A permanent state of siege after elections has marked relations between ‘winners’ and ‘losers’ and political confrontation has frequently spilled over to the streets. The opposition has been sidelined in representative institutions and subjected to physical repression by bans on rallies and processions, arrest of party activists or implicating activists in false cases. On innumerable occasions, brute force by party cadres, in collusion and often with the active assistance of the police, has resulted in a suppression of public protests. Women participants in such protests have come under attack more than once.
Distribution of patronage to loyalists and engineering control over key institutions have fostered authoritarian tendencies and personalization of politics. Distribution of key jobs and businesses as favours rather than on the basis of merit has eroded quality and neutrality of performance through government service. Post-election, an overnight change of guard in educational institutions, administration, public media and regulatory bodies prepared the way for partisan manipulation of institutional structures. For example, in the universities, soon after the elections, vice-chancellors were replaced wholesale on the basis of party loyalty. A similar bias towards teachers and students has implied a drop in quality of teaching, just as their involvement in party or factional politics has detracted from their academic contribution. The immediate result was evident in gang warfare in educational campuses, where ruling party cadres succeeded in occupying residential halls, appropriating rooms for their supporters, ousting the opposition and obstructing normal student activities on campus. The end result will be a deterioration in educational standards and academic environment. Many professional associations have witnessed a similar partisan divide, which has affected the professionalism of their members. Equating the party with the state and equating an individual with a nation is not the way to build consensus or democracy - and this holds true whichever administration is in office. -
Representative institutions have not provided checks and balances on the executive as Parliament has remained largely dysfunctional with the absence of the main opposition party for the better part of its term, the speaker’s lack of impartiality, and absence of a quorum on many occasions (with exceptions including debates on members’ allowances and privileges). Monitoring by Standing Committees has been made largely ineffective by powerful ministers and secretaries, who have refused to comply with the Committee’s enquiries.

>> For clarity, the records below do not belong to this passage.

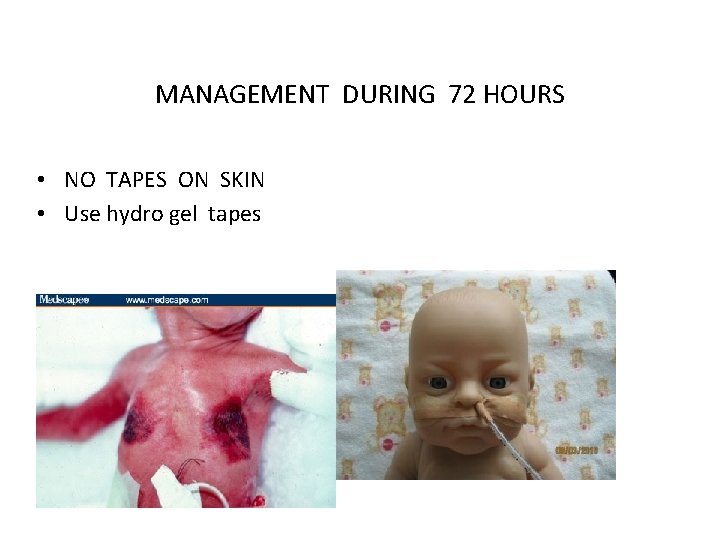 MANAGEMENT DURING 72 HOURS • NO TAPES ON SKIN • Use hydro gel tapes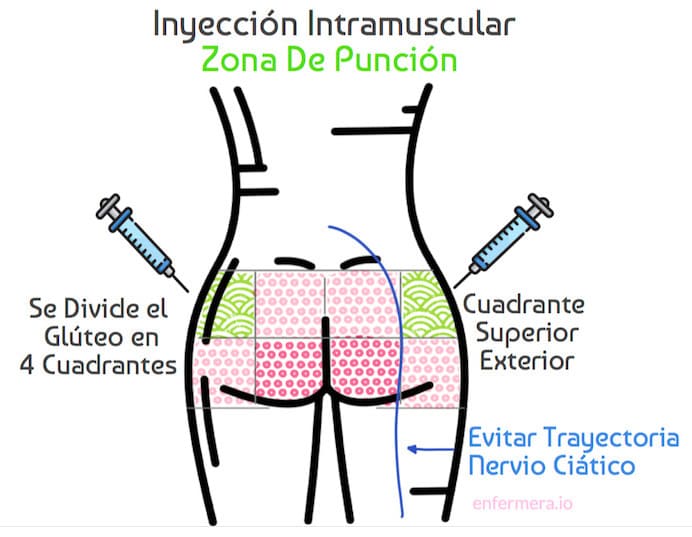 Inyección intramuscular en el glúteo: Ficha técnica de AKIS 50 mg – Solución inyectable en jeringa precargada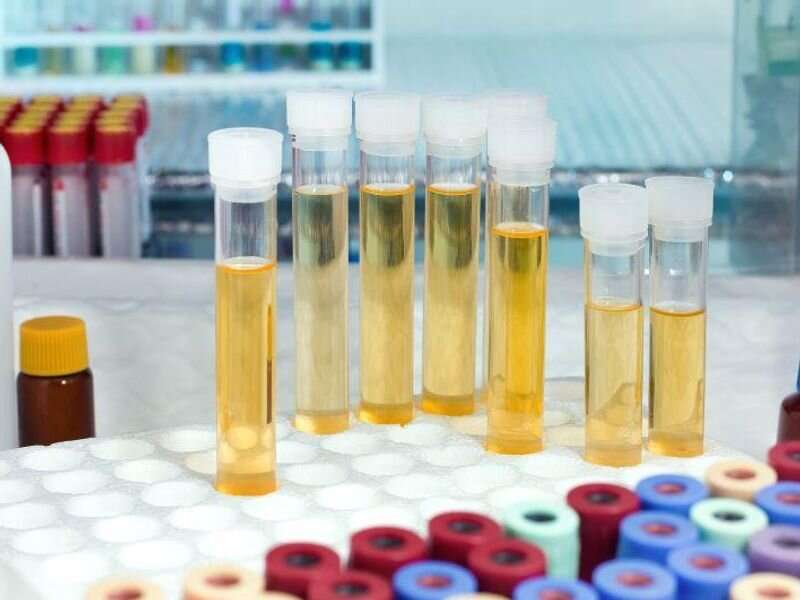 AUA: genomic urine test accurately predicts bladder cancer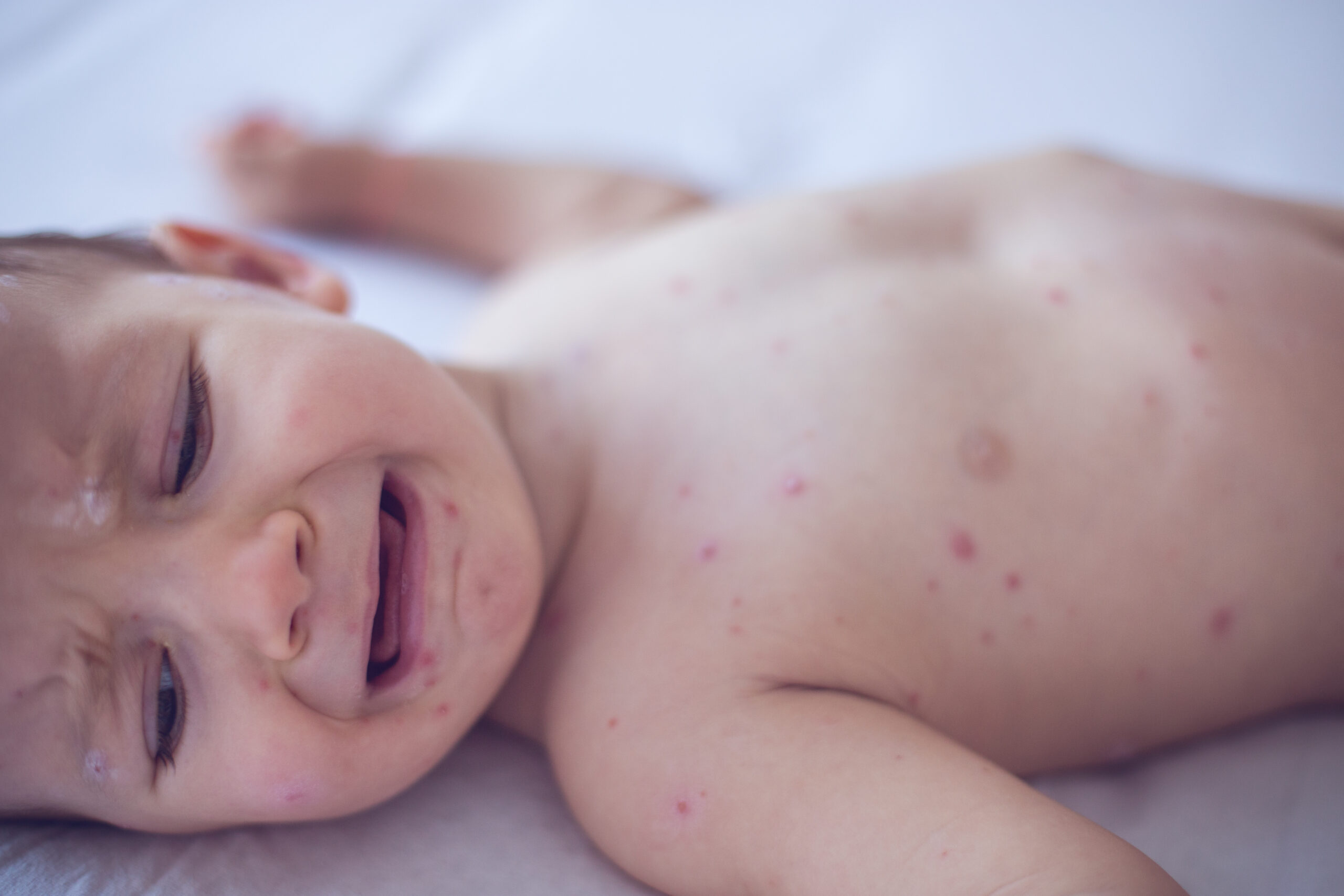Measles killed 6-week-old baby, coroner confirms after RFK Jr. disputed deaths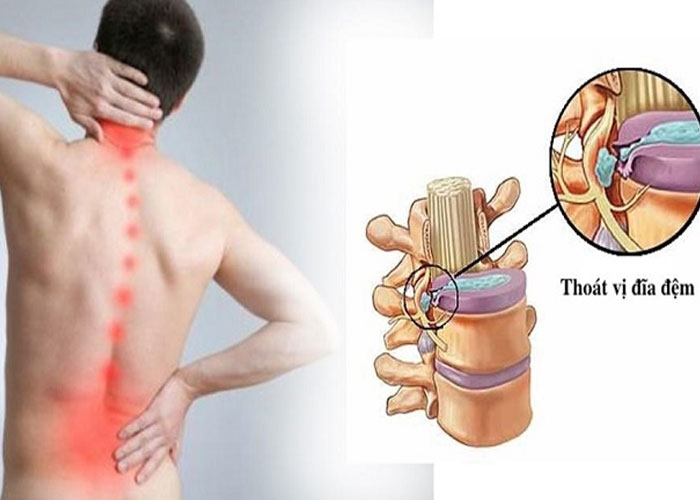 Nguyên nhân thoát vị đĩa đệm là gì? Cách phòng ngừa ra sao?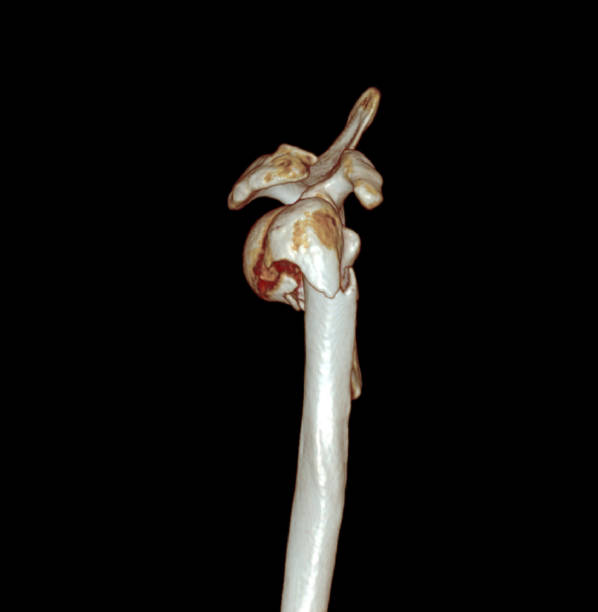istock CT scan of shoulder joint. 1421270952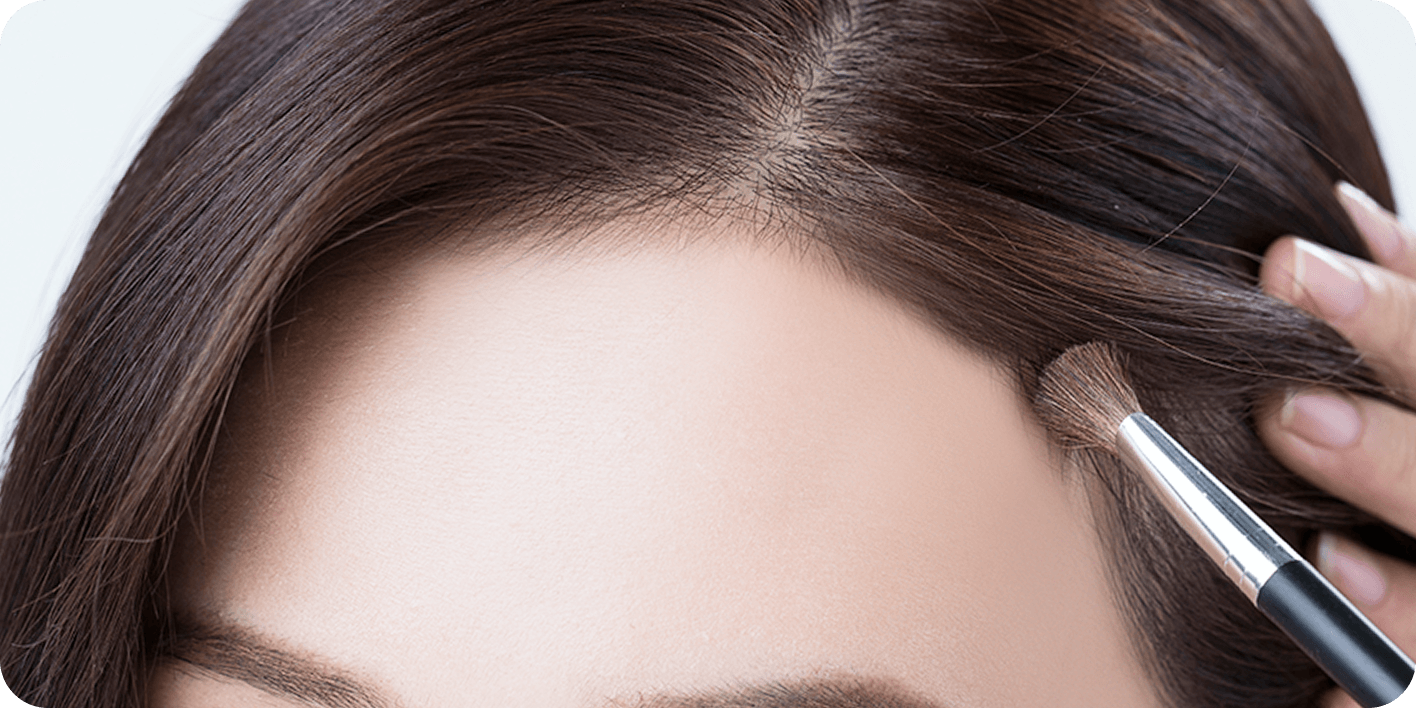 id Hospital - Forehead Reduction - Wide Forehead Before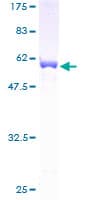 Human TPM4 Protein (Recombinant GST)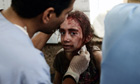 A Syrian girl receives treatment after she was wounded by regime force's helicopter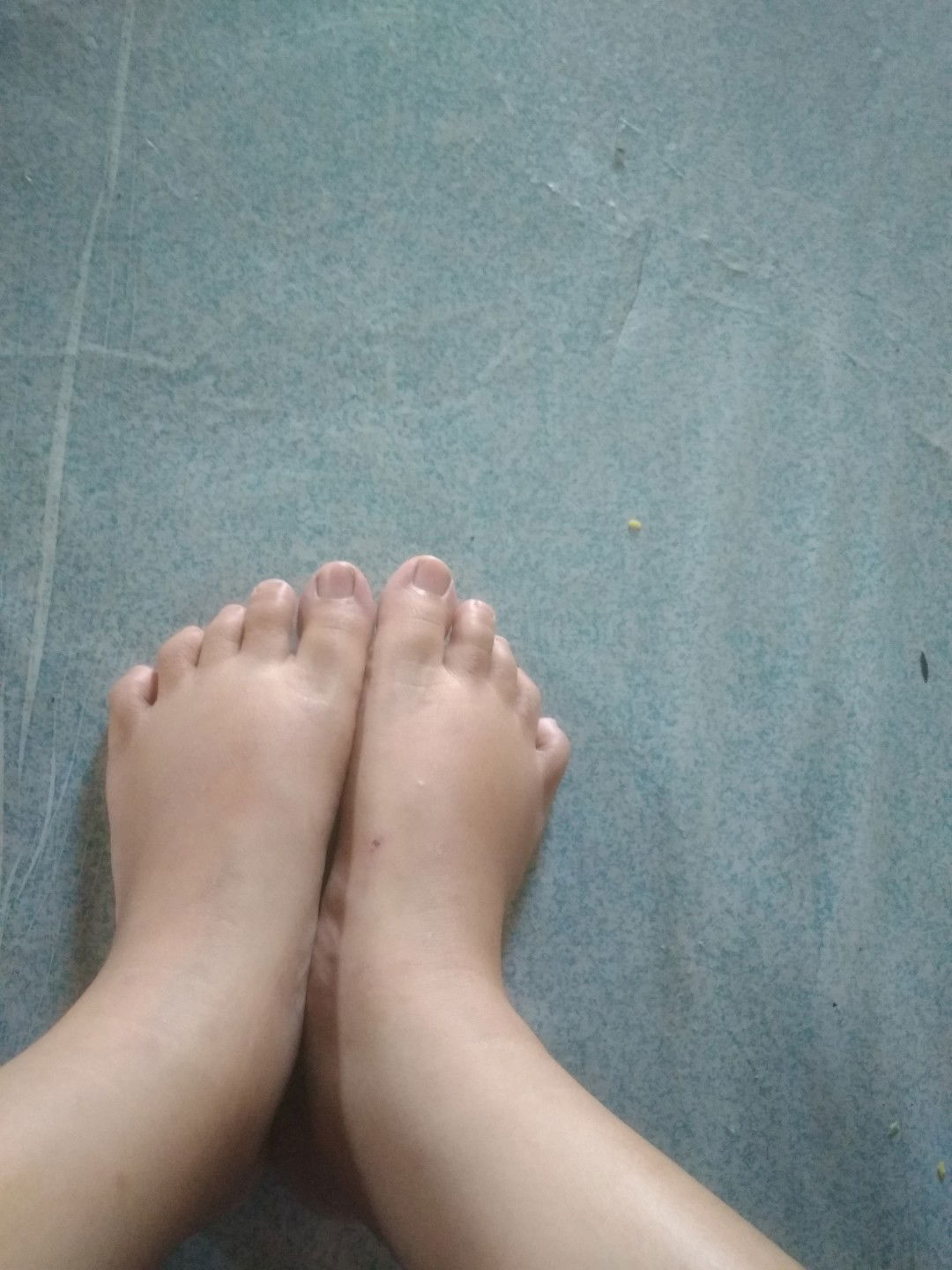 kaki bengkak (hpl januari)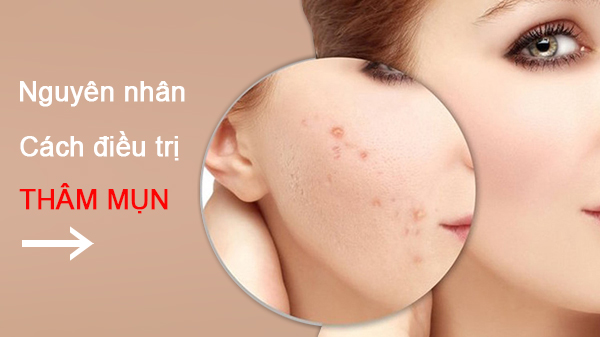 Thổi bay vết thâm sâu mụn cho da dầu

In this terrain, citizens have turned to the Courts for recognition of their rights. Many instances of public interest litigation have been considered by the Supreme Court for protection of a wide range of rights including the right to life, liberty, freedom from arbitrary detention, the right to equality, the right to freedom from forced eviction and the right to a healthy environment. Chapter One gives an overview of judicial activism to establish fundamental rights through institutional reform. On the other hand the effectiveness of the judicial system has been constrained by the prolonged delay in executing the constitutional provision for an independent judiciary. There has been dismay at the courts’ resort to archaic laws of contempt in cases of media reporting, which have been seen by many as curtailing the right to freedom of expression. The judiciary was also plunged into controversy as appointments to the High Court were made by the executive without effective and meaningful consultations with the Court.
The human rights movement has found allies in the progressive media. Press revelations of human rights violations, failures of governance at the national and local level, criminalized syndicates and violence against women, illustrated in Chapter Five have catalysed public resistance even in the face of threats and intimidation. While several newspapers were subjected to contempt charges or to executive harassment and district correspondents faced intimidation, the killing of four journalists and attacks on at least 197 reporters served to warn us that physical extinction could be the price of freedom of speech.
Lawless Law Enforcement
The major political parties have been unable to respond to people’s concern for security. Chapters Two, Three and Four record evidence of a diminishing respect for rule of law by the state and its inability to contend with organised violence and terrorism. On the other hand, a lawless form of law enforcement has heightened insecurity. The Rapid Action Battalion formed under an amendment to the Armed Police Battalions Ordinance 1979 has been given extra ordinary powers for internal security duties, exclusive intelligence into crimes and criminal activities, recovery of arms and ammunition, explosives and such other articles, and the apprehension of armed gangs and criminals. The government has taken no cognizance of the fact that RAB’s process of ‘cross fire killings’(i), in dealing with alleged law breakers has deliberately flouted due process of law. These arrests and extra judicial killings have not brought an end to crimes nor is peace and tranquility assured, rather their actions have in turn encouraged and apparently increased the rate of custodial deaths. Between April to December 212 persons were killed in the custody of law enforcement agencies: between June and December, when RAB started its operations, 68 victims allegedly died in ‘cross fire’ after they were taken into custody by RAB; during the year, 109 persons died in police custody and 103 prisoners died in jail custody. Amongst the men killed by RAB, twentyfour had no record of crimes, seven were allegedly members of the PBCP (the East Bengal Communist Party) an underground party, banned in Bangladesh.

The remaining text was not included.